Early decision is a common early admission policy used in college admissions in the United States for admitting freshmen to undergraduate programs. It is used to indicate to the University or College that the candidate considers that institution to be his or her top choice. Candidates applying early decision typically submit their applications by the end of October of their senior year of high school and receive a decision in mid-December. In contrast, students applying "regular decision" typically must submit their applications by January 1 and receive their admissions decision by April 1.
Some colleges offer either an early decision program or an early action one. Others accept applications in a relatively long window known as rolling admission. Early decision differs from early action in that it constitutes a binding commitment to enroll; that is, if offered admission under an early decision program, and the financial aid offered by the school, if requested, is acceptable, the candidate must withdraw all other applications to other institutions and enroll at that institution. Early action is not binding, so a student admitted to a school early action could choose not to enroll in that school.
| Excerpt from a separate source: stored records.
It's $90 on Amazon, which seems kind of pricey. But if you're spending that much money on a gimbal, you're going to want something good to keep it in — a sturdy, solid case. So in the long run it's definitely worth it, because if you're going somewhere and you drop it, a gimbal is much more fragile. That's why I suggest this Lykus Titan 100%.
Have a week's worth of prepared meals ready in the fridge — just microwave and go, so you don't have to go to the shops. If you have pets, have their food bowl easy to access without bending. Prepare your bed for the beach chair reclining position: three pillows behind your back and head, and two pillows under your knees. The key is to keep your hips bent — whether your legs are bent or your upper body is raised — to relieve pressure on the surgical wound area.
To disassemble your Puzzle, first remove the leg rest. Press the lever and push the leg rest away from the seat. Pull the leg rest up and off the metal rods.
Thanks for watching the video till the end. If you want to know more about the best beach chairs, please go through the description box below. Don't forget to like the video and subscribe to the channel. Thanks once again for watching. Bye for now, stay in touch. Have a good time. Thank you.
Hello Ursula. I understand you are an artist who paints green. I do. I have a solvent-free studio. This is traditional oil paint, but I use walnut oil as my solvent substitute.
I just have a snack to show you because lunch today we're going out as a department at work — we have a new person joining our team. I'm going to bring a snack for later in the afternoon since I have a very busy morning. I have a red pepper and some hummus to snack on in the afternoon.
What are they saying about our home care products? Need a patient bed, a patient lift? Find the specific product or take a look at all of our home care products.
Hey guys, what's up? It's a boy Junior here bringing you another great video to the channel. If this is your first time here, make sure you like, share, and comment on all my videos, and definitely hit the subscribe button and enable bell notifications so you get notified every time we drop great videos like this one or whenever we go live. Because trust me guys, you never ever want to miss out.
Furthermore, early decision programs require applicants to file only one early application, while, depending on the institution, early action programs may allow candidates to apply to more than one early action institution.
Possible outcomes of early decision
Typically, a candidate who has applied early decision can receive one of three outcomes in December. He or she may be admitted, in which case they are bound to attend the school which admitted them; rejected, in which case they will not be able to attend the school; or deferred, in which case they will be reconsidered for admission with the second round of early decision applications or with the regular decision pool and notified later with their final decision. Generally when an applicant is deferred he or she is released from their binding early decision agreement.
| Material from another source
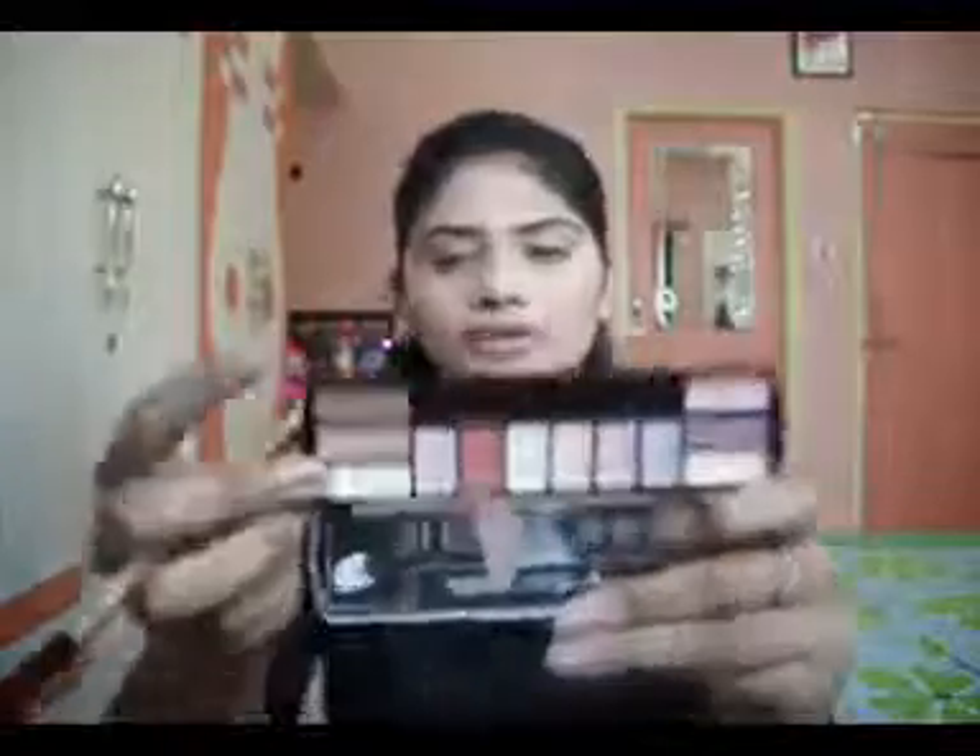Now I'm going to move to my eyes. I'm going to be using the LA Colors Shine Versus Matte Palette. For my crease, I'm going to be using an eye contour brush with a brown shade, blending it into my outer corner and my crease. For the rest of the lid, I'm going to be using an off-white shade with a medium eyeshadow brush. There's also a shimmery shade, so I'm going to take that with my pinky finger and apply it to the inner corners of my eyes.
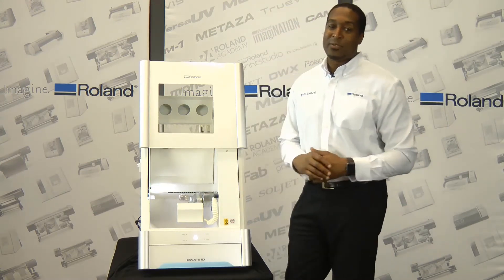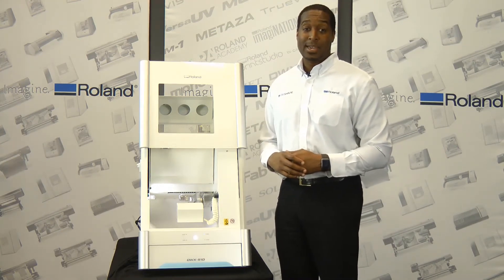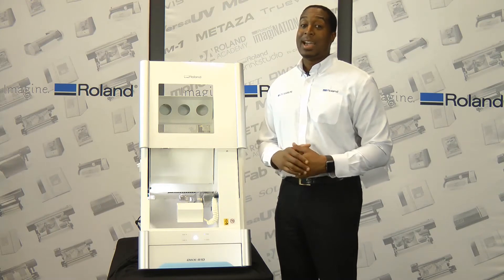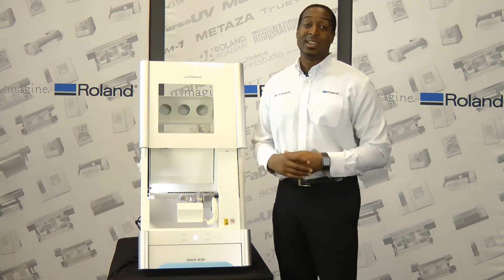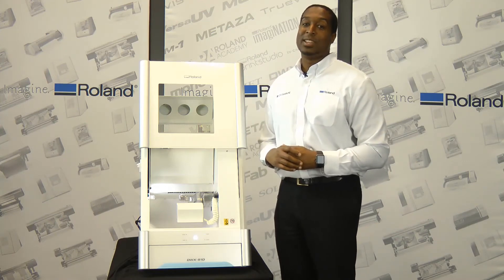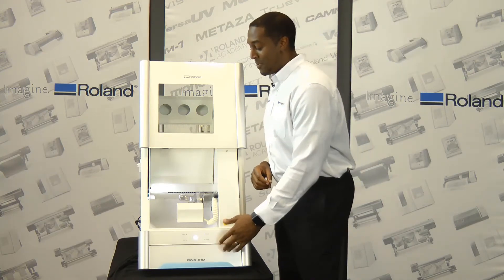The DWX51D can mill zirconia, wax, PMMA, PEEK, gypsum, and composite resin materials. It is the first Dental Dry Mill approved for milling Vita Enamic, and you have the choice to use disc or pen-type materials.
Advantages of early decision
Admission rates for "early" applicants tend to be higher than the overall admission rates for the institution; this is particularly true of the most selective colleges. This is usually attributed to three factors: first, candidates who apply "early" can only present colleges with their transcripts until the end of junior year of high school and therefore must be particularly strong applicants with very persuasive transcripts; second, candidates who apply "early" have dedicated themselves to an institution and are more likely to match the institution's admission standards; third, student athletes sometimes apply "early" to their top choice school to demonstrate their commitment to a college varsity coach who, in turn, can push their applications in the admissions process. Some advisors suggest that early decision is the best choice for students who have clearly settled on one particular college.
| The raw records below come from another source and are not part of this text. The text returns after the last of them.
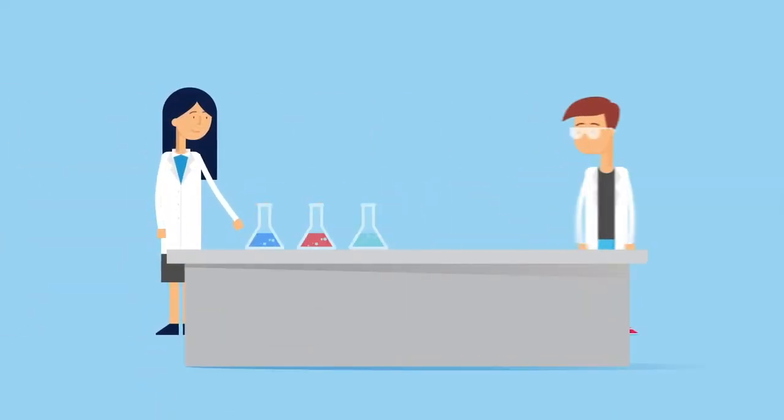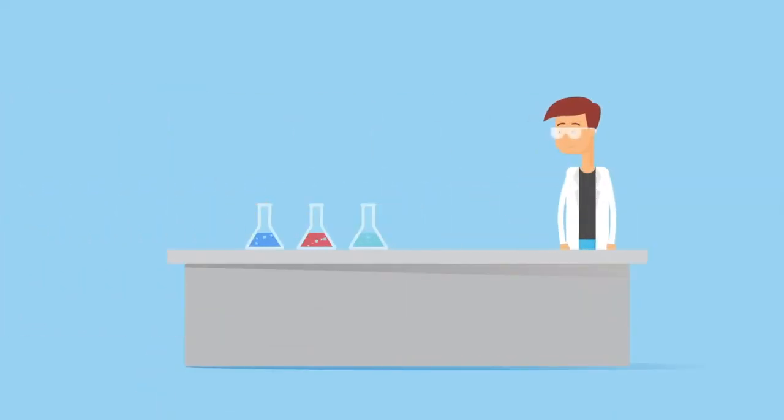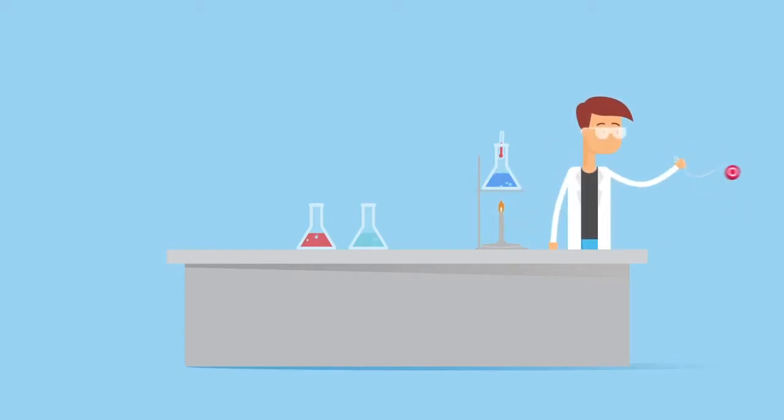Today, Linda has entrusted Lenny with preparing samples for one of Paddy the Postdoc's experiments. Lenny knows these samples are temperature sensitive and the amount of sample is limited. While not the most advanced piece of lab equipment, Lenny is confident in the heating ability of his trusted Bunsen burner. As long as Lenny pays close attention to what he's doing, the samples should be fine.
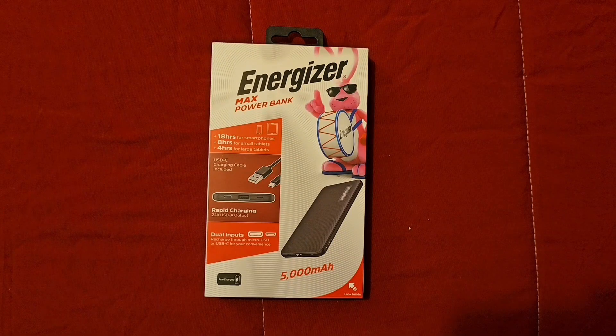J Love Energizer Max Power Bank — a portable battery pack that you can take on the go, and this is a 5000mA.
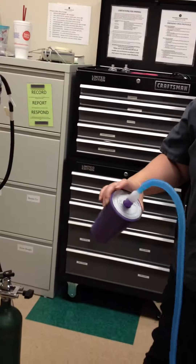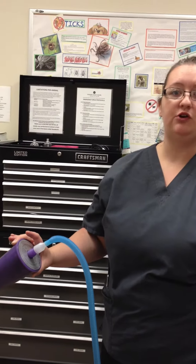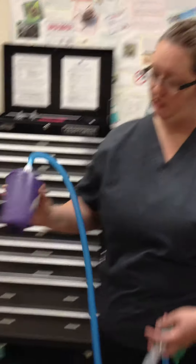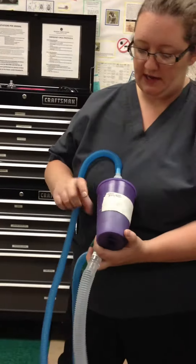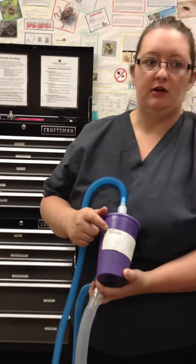And then we have scavenger tubing down to our charcoal canister. Our charcoal canister needs to be changed when it gains 100 to 120 grams from its original weight. There's a piece of tape on here that says what it was weighed at the first day it came in. So at the beginning and end of every day that we do surgery, you need to weigh the charcoal canister. All right, so now let's set up for a rebreather.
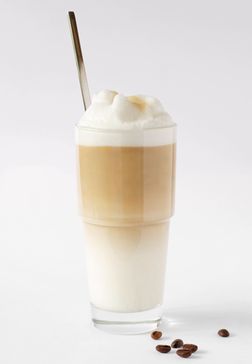Latte macchiato is a coffee beverage; the name literally means stained milk. This refers to the method of preparation, wherein the milk is stained by the addition of espresso.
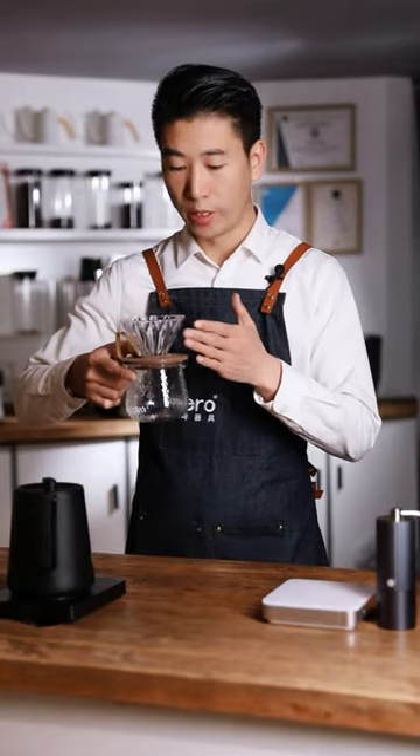Usually when we make pour over coffee, we use a coffee dripper and server, and put it on the coffee scale for brewing. In fact, we also have a very useful tool, which is the pour over stand. When brewing coffee, the sense of ritual will be better using it and the operation will be more fun.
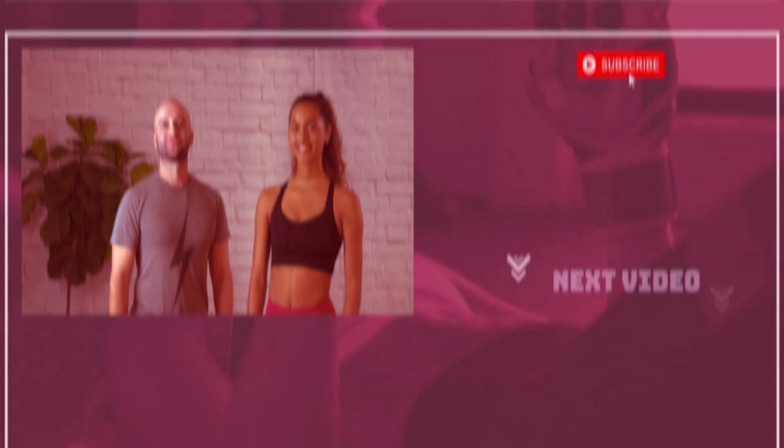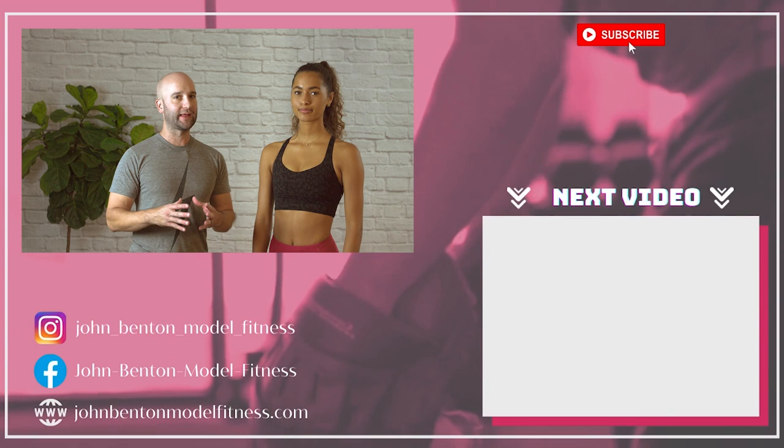All right, hope you guys liked the video. I hope it gave you a little bit of insight on how to not bulk up your legs. If you liked the video, be sure to like and subscribe. We're gonna have some more details down below and we're gonna have some more content for you guys coming up very soon. Thank you, Mel. Appreciate it.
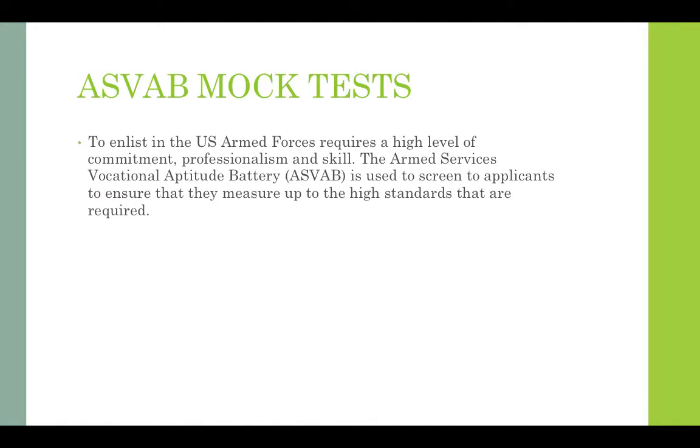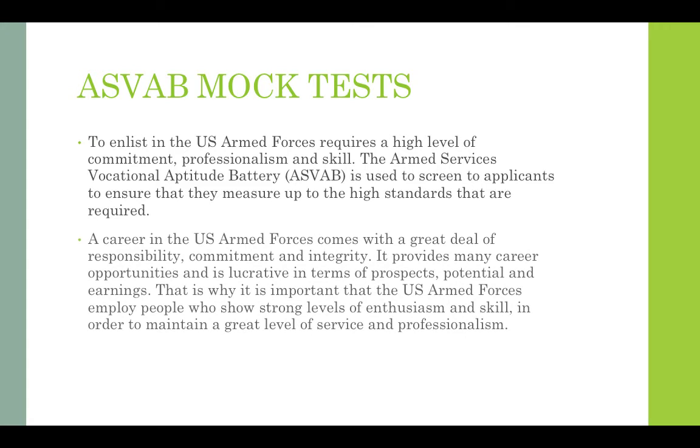To enlist in the US armed forces requires a high level of commitment, professionalism and skill. The armed services vocational aptitude battery is used to screen applicants to ensure that they measure up to the high standards that are required. A career in the US armed forces comes with a great deal of responsibility, commitment and integrity. It provides many career opportunities and is lucrative in terms of prospects, potential and earnings. That is why it's important that the US armed forces employ people who show strong levels of enthusiasm and skill in order to maintain a great level of service and professionalism.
Disadvantages of early decision
Controversy surrounds early decision. Critics of the program think that binding an applicant, typically seventeen or eighteen years old, to a single institution is unnecessarily restrictive. Furthermore, candidates for financial aid are, if admitted under early decision, unable to compare financial aid offers from different colleges. It was in answer to these criticisms that, starting in 2004, Yale and Stanford switched from early decision to single-choice early action. Harvard, Princeton, and the University of Virginia announced in the Fall of 2006 that they would no longer offer Early Action or Early Decision programs, which they claim favor the affluent, and moved to a single deadline instead. The University of Florida followed suit the following year. However, the University of Virginia, followed by both Harvard and Princeton reinstated their single-choice, early action program to promote diversity and provide opportunities for students looking for such an option in 2011.